Supplied material >>
***
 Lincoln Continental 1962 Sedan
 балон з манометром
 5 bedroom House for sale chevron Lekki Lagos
***
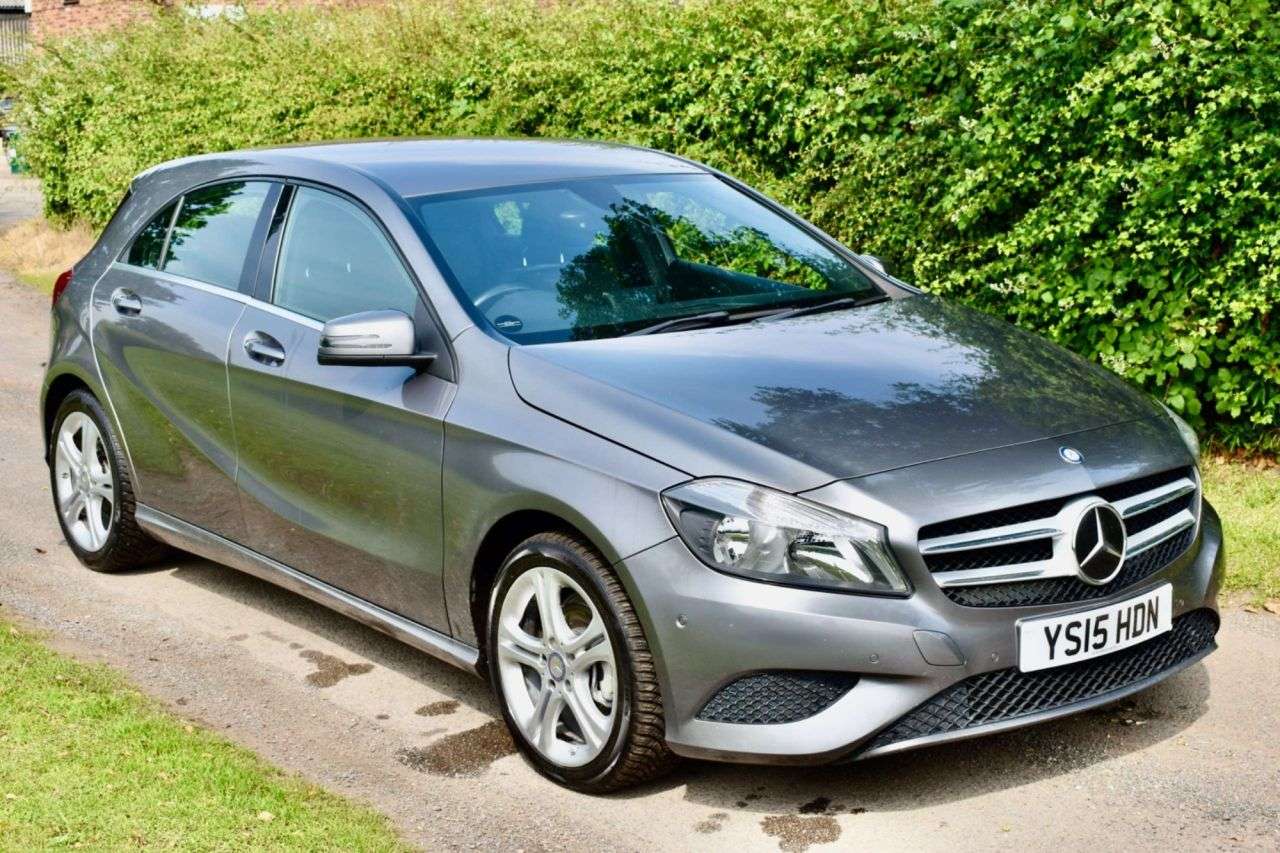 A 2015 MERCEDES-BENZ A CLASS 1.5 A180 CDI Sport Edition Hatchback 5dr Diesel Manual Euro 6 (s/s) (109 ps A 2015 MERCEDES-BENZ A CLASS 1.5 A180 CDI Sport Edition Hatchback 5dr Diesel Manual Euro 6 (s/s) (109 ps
***
What you will do >> Reproduce, exactly as they stand in the data above, the lines from the one that holds "балон з манометром" to the one that holds "5 bedroom House for sale chevron Lekki Lagos", inclusive.

Exercise solution >>
 балон з манометром
 5 bedroom House for sale chevron Lekki Lagos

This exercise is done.